* The data *

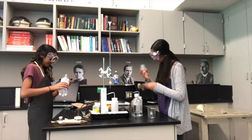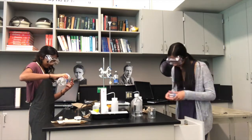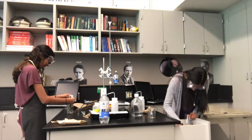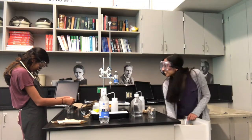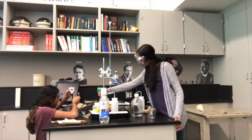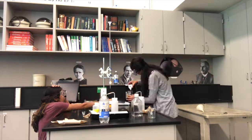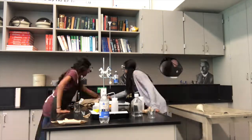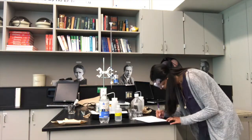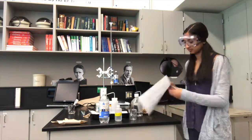Measure out 25 ml of carbonic acid in a beaker. Then record the pH of the carbonic acid to make sure it's actually acidic. Record the pH for future reference.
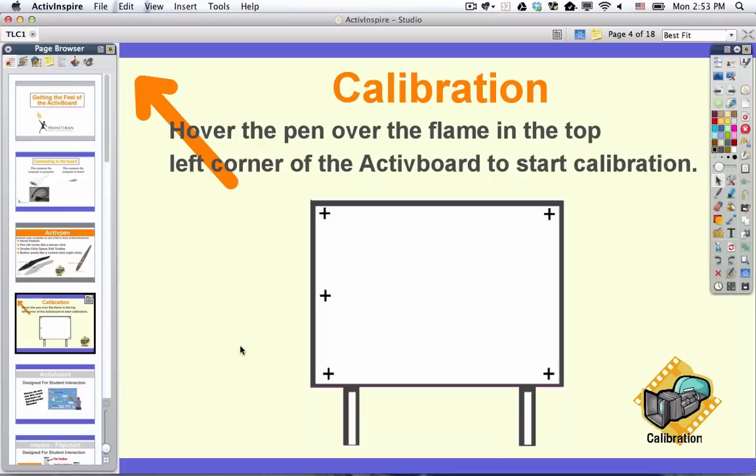Look at the board — in the upper left-hand corner there is a flame, or a light with a flame in it. If you hover over that, meaning you hold your hand still over that flame for about five seconds, you are going to start the process that we call calibration. This is to line up the pen with the cursor on the board.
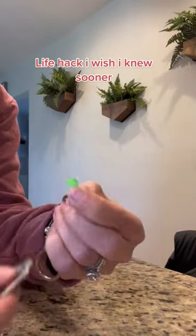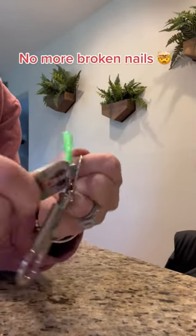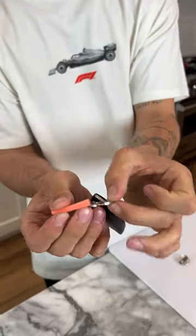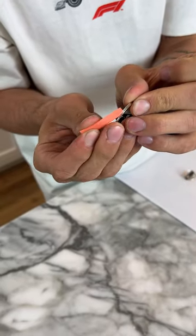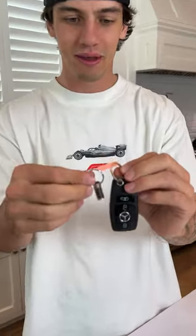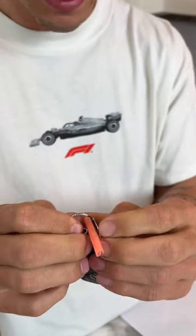Life hack I wish I knew sooner. No more broken nails. So we need to attach these two together, and the easiest way to do that supposedly is we're going to take our straw and just put it over the edge just like that. Now we're going to take our other item here and we're just going to put it on the outside.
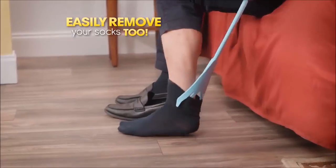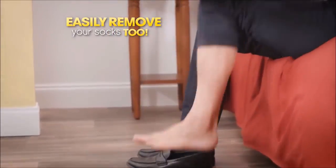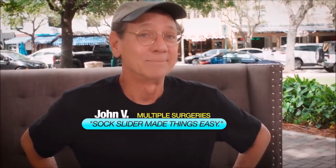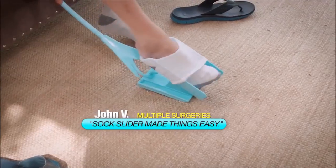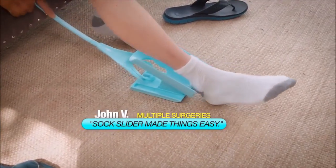Then when you want to take them off, the Sock Slider makes that easy too. I've had everything on me wore out — rebuilt back, shoulders, knees — and the Sock Slider made things easy.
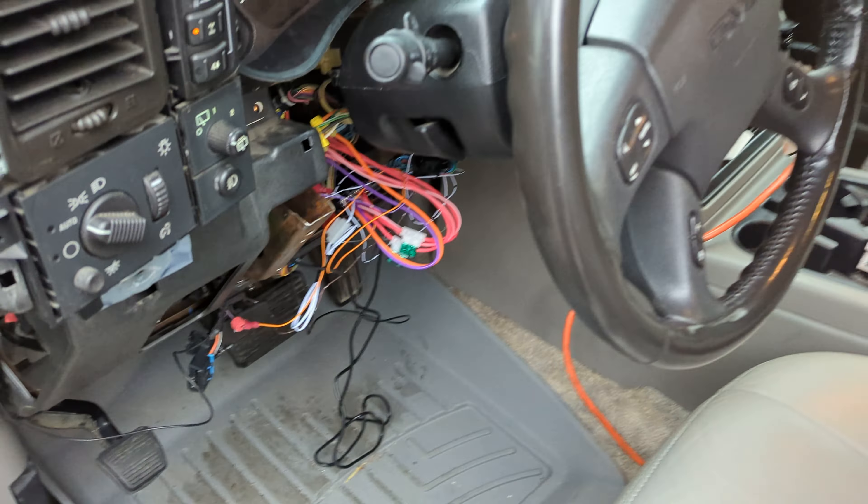The idle feature is great — say you're picking up a food order you placed online. Press and hold the key on the fob. The instrument cluster lights turn on, meaning the parking lights are on. Go ahead and turn it off and take the keys out — it stays running.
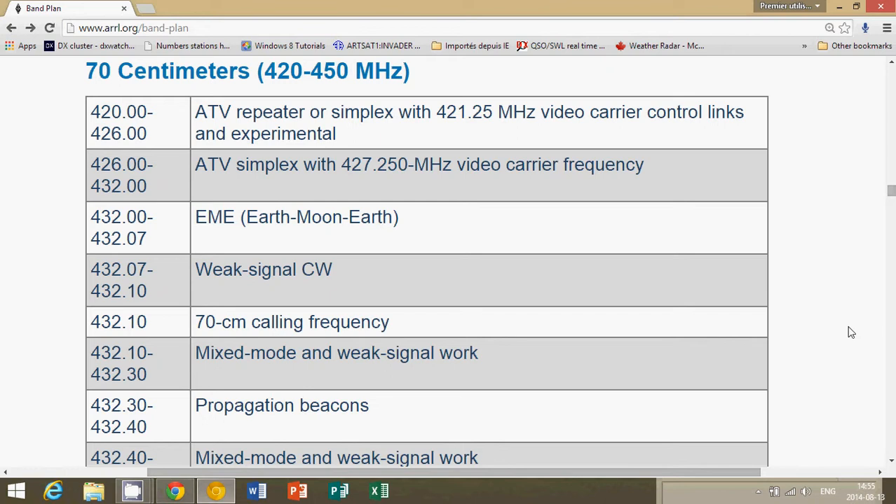The first portion of the band is mixed in some countries, like Canada, with some commercial users. Here in Canada, I think we start at 430 and not 420, so it depends on where you are. It does change — some countries have just 440 to 450, for example.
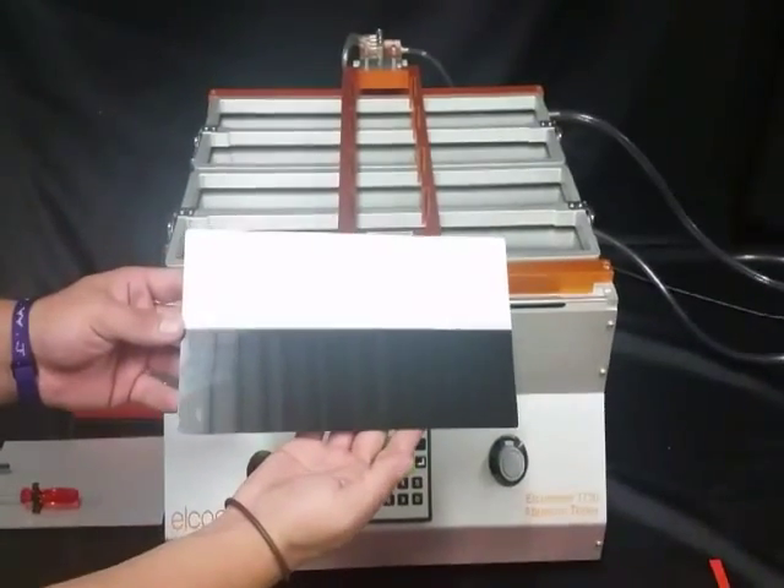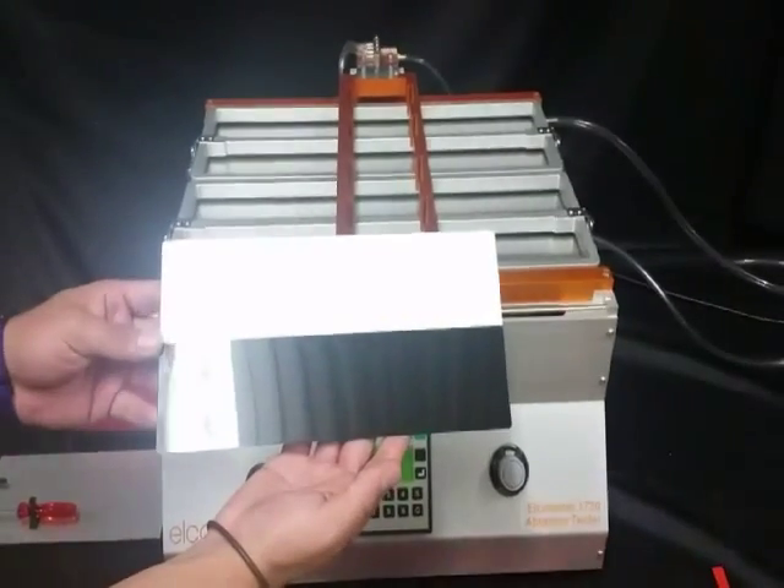We are going to be using the Leneta Metal Test Panel, number T12M.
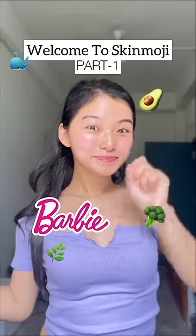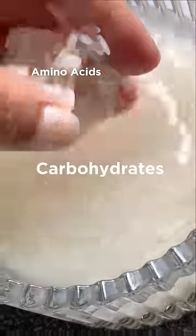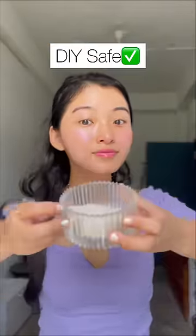Welcome to Skin Emoji part one. Today we're talking about rice water. Rice water has amino acids, carbohydrates, and is rich in antioxidants, which helps in skin brightening, anti-aging, dark spots, and pigmentation. In fact, it is one of the few ingredients that's actually safe to be used as a DIY.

* Exercise goal *
An exact transcription is needed of the lines from the one with "Then when you" to the one with "The idle feature" above, both ends included, with pictures left out.

* Answer to this task *
Then when you want to take them off, the Sock Slider makes that easy too. I've had everything on me wore out — rebuilt back, shoulders, knees — and the Sock Slider made things easy.
The idle feature is great — say you're picking up a food order you placed online. Press and hold the key on the fob. The instrument cluster lights turn on, meaning the parking lights are on. Go ahead and turn it off and take the keys out — it stays running.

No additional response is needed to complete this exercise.